[Data excerpts — start]

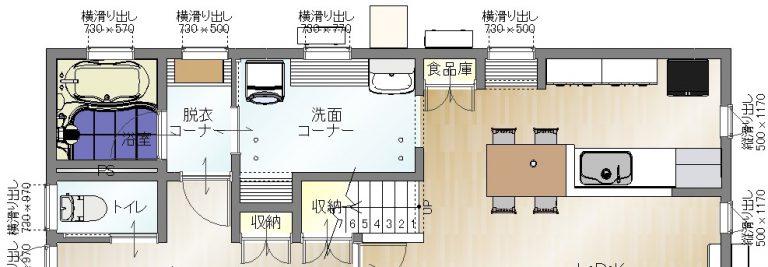 今日は「最近、脱衣室を狭くしても洗面室や洗濯室を広めに設けたいというご要望が多いです。」についてのお話です。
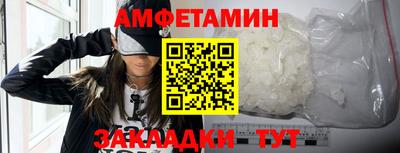 героин Бугуруслан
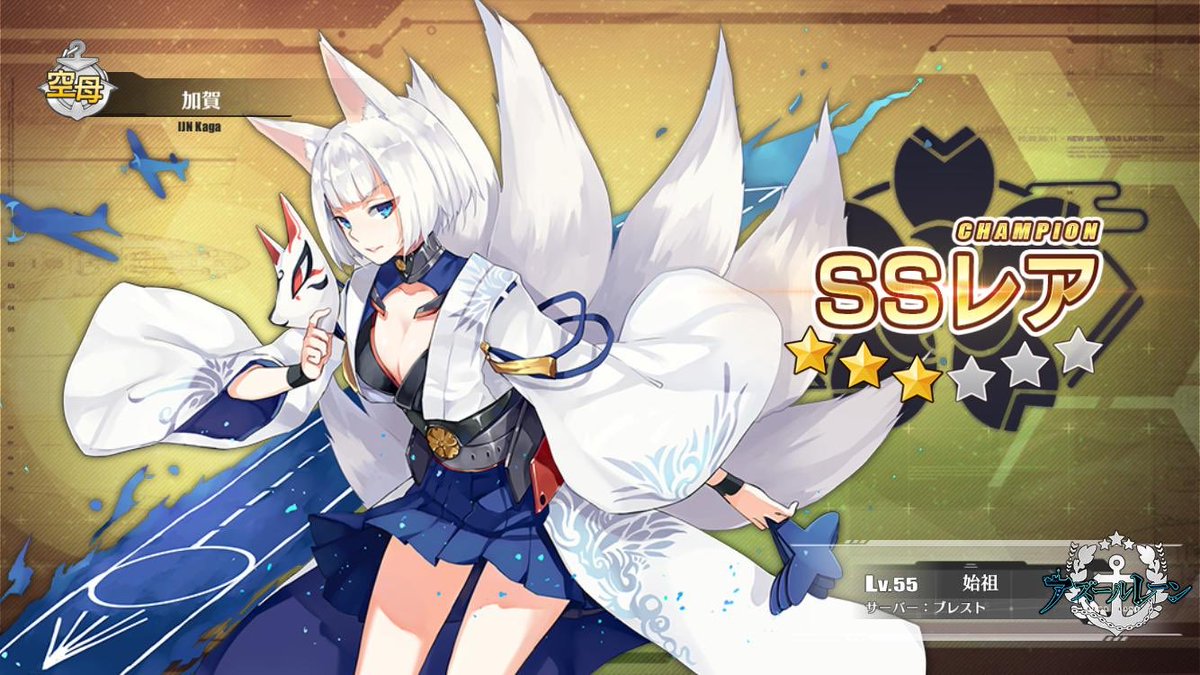 アズレン3 4周回ニキ イベの為お休み Azurlane34drop Twitter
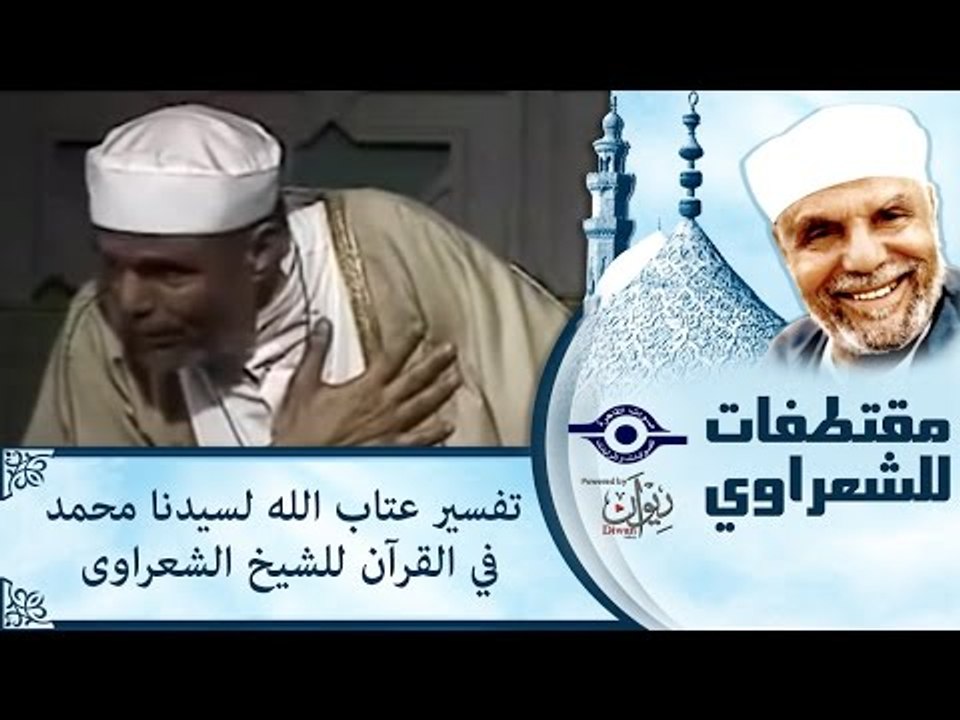 تفسير عتاب الله لسيدنا محمد فى القرأن للشيخ الشعراوى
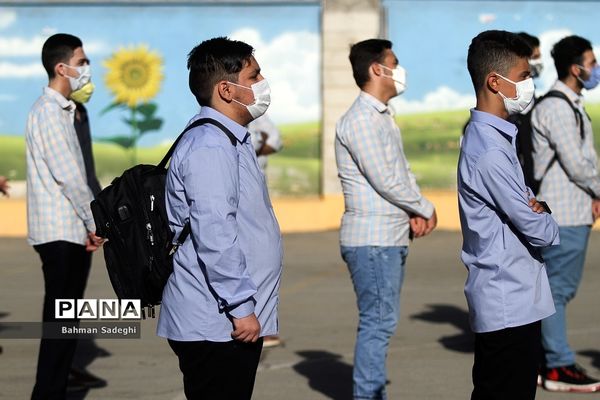 آیین آغاز سال تحصیلی جدید-2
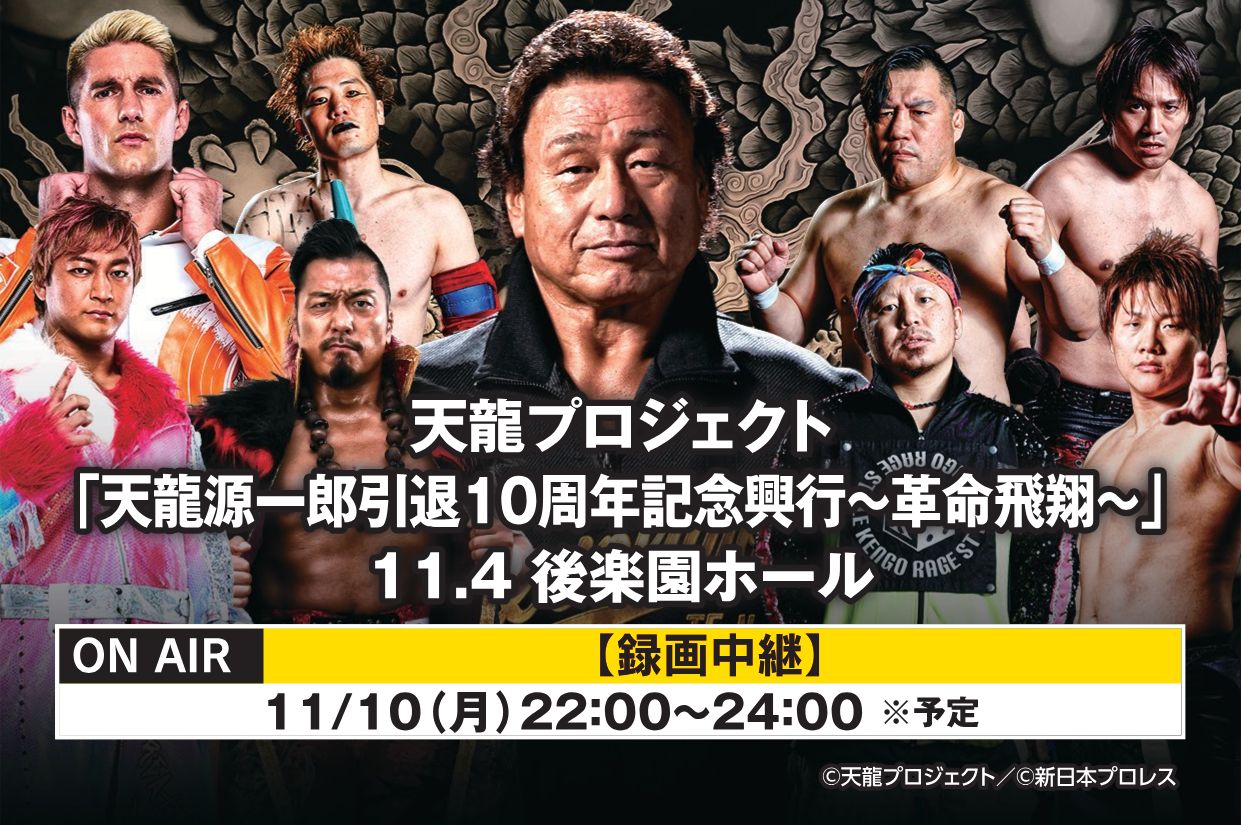 11・4「革命飛翔」NJPW WORLDライブ配信＆サムライTV放送決定 | 新着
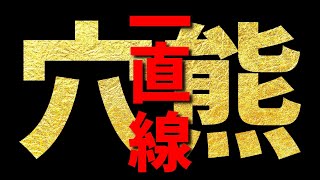 【プロの研究手】一直線穴熊で豪快にブッチしてみた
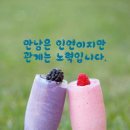 오래 이미지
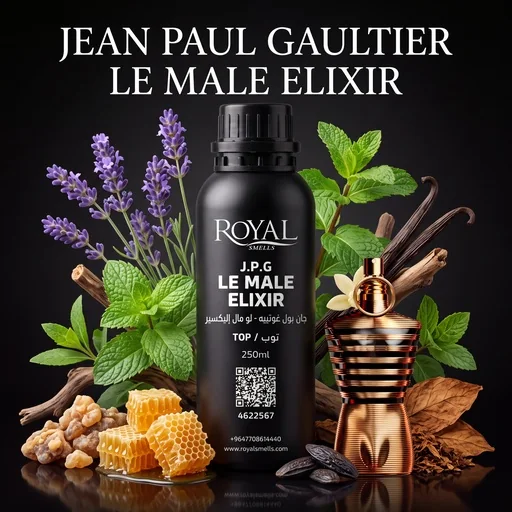 JEAN PAUL GOULTIER - LE MALE ELIXIR · Fragrance oil · 250 ml · TOP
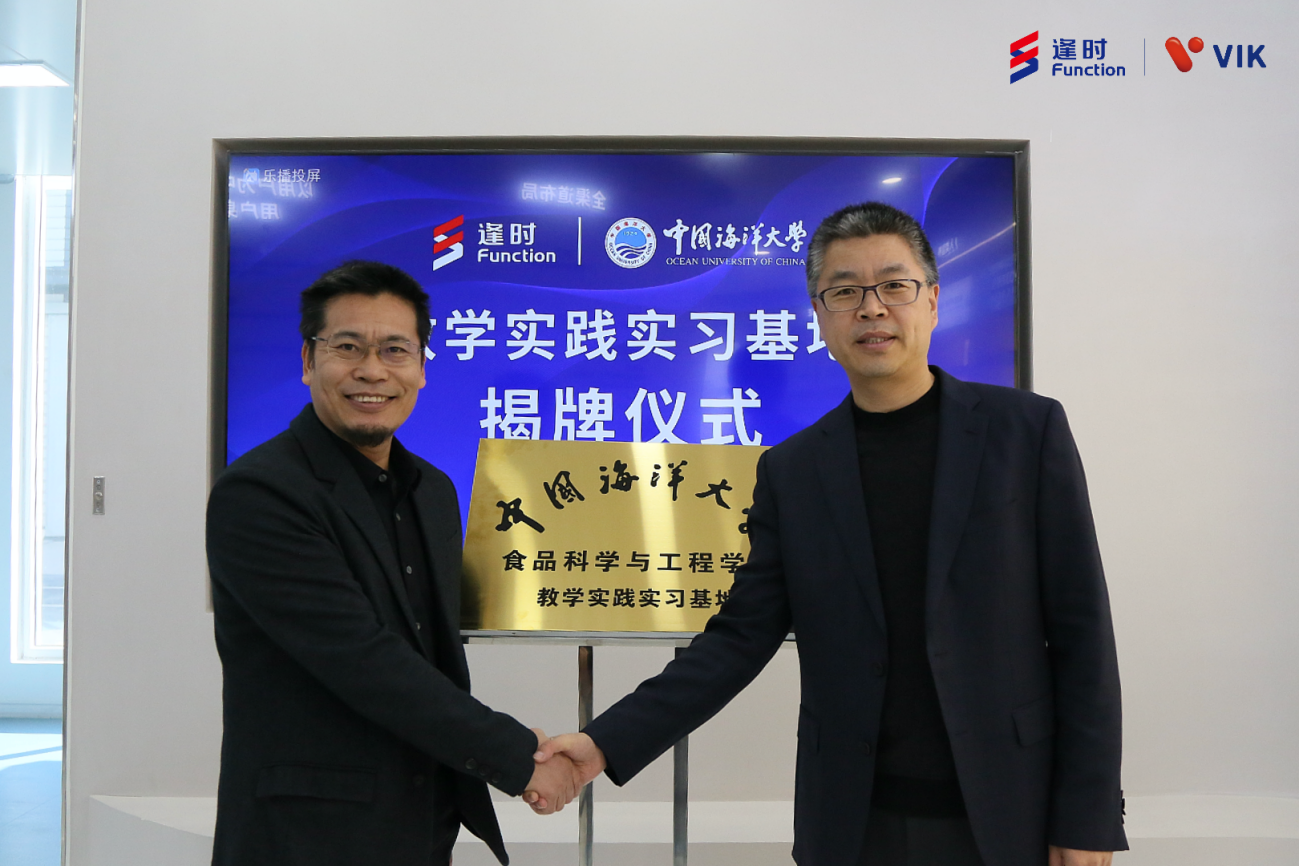 中国海洋大学教学实践实习基地落地逢时透明工厂,联合抢占磷虾油科技制高点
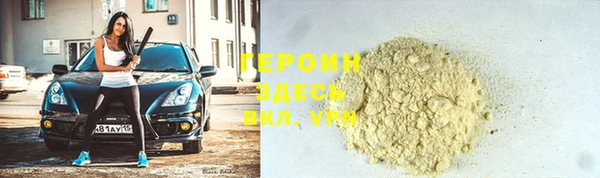 тгк Баксан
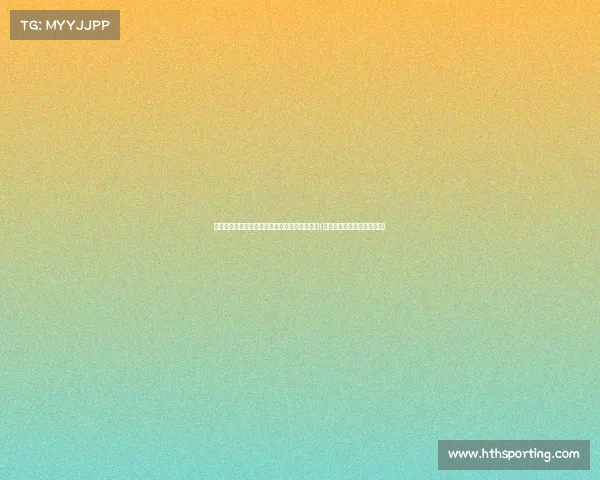 魔术队为何拒绝交易凯文：深度分析与未来展望(魔术对凯尔特人聚胜顽球汇)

[Data excerpts — finish]

Please retype the listing exactly, leaving out any images.

 今日は「最近、脱衣室を狭くしても洗面室や洗濯室を広めに設けたいというご要望が多いです。」についてのお話です。
 героин Бугуруслан
 アズレン3 4周回ニキ イベの為お休み Azurlane34drop Twitter
 تفسير عتاب الله لسيدنا محمد فى القرأن للشيخ الشعراوى
 آیین آغاز سال تحصیلی جدید-2
 11・4「革命飛翔」NJPW WORLDライブ配信＆サムライTV放送決定 | 新着
 【プロの研究手】一直線穴熊で豪快にブッチしてみた
 오래 이미지
 JEAN PAUL GOULTIER - LE MALE ELIXIR · Fragrance oil · 250 ml · TOP
 中国海洋大学教学实践实习基地落地逢时透明工厂,联合抢占磷虾油科技制高点
 тгк Баксан
 魔术队为何拒绝交易凯文：深度分析与未来展望(魔术对凯尔特人聚胜顽球汇)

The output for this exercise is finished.